Now that you know general calorie contents of different alcohols, keep in mind the body will process alcohol first before it processes fat, carbs and protein.  This ultimately will slow down the fat metabolism and could possibly lead to weight gain.  Also, remember it's not just which type of alcoholic beverage you choose this holiday season, but also what you pair with it (i.e., sodas, juices and cream).  Spirits and holiday cheer are "empty calories" meaning they provide no useful nutrition.  Choose wisely this year and keep the "empty-calorie" consumption low.

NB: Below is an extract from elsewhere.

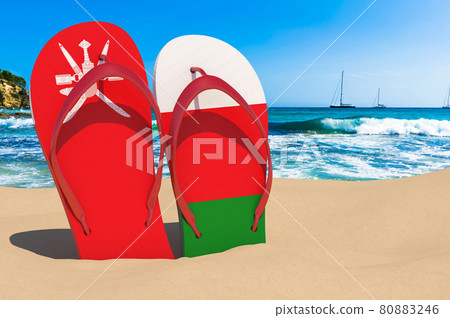Flip flops with Omani flag on the beach. Oman resorts, vacation, tours, travel packages concept. 3D rendering Flip flops with Omani flag on the beach. Oman resorts, vacation, tours, travel packages concept. 3D rendering 80883246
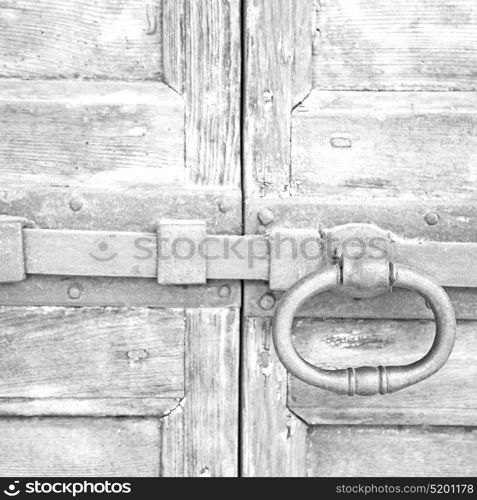 europe old in italy antique close brown door and rusty lock closeup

Thursday, December 1, 2011

Sweets For My Sweetie!!

Having a hard time kicking the sweets habit?  It goes a little deeper than they just taste good.  In 2007, French scientists researched sugar in relation to addictive behavior.  Rats were given the option of drinking plain water, water laced with sugar, and water laced with cocaine.  After 24 hours, 94% of the rats preferred the sugar water over cocaine, one of the most addictive drugs.  This leads researchers to believe that sugar feeds the body’s reward system, similarly to addictive substances, causing addictive tendencies.   
Let’s back track and look at the science behind this.  Neurotransmitters in the brain relay information causing a “feeling response” such as happiness, tiredness, sadness, or relaxation.  The strength or weakness of the neurotransmitter plays an important role in a person’s ability to control food portions and choices.  Dopamine is the body’s “feel good” chemical and is found in high quantities when addictive substances such as drugs, alcohol, and nicotine are consumed.  As high quantities of dopamine are released they overstimulate the neuroreceptors causing a "high".  Continuous overstimulation slows the body’s natural release of dopamine, creating a dependence and compulsive behavior with the substance, in this case sugar, to experience the same amount of pleasure.  As with drugs, the body becomes tolerant to the same level of stimulus, so more is required to achieve the same response…meaning you eat more!!   
So the next time you look at a brownie or cupcake, look at it as more than something that tastes good and more than something that will end up on your midsection, but as a drug to which you can easily become dependent. 
Snack on...but snack wisely!!!
Information based on “It’s All In the Brain: Unlocking the Secrets of Overeating with Neuroscience” by Mary Monroe, IDEA Fitness Journal, p44.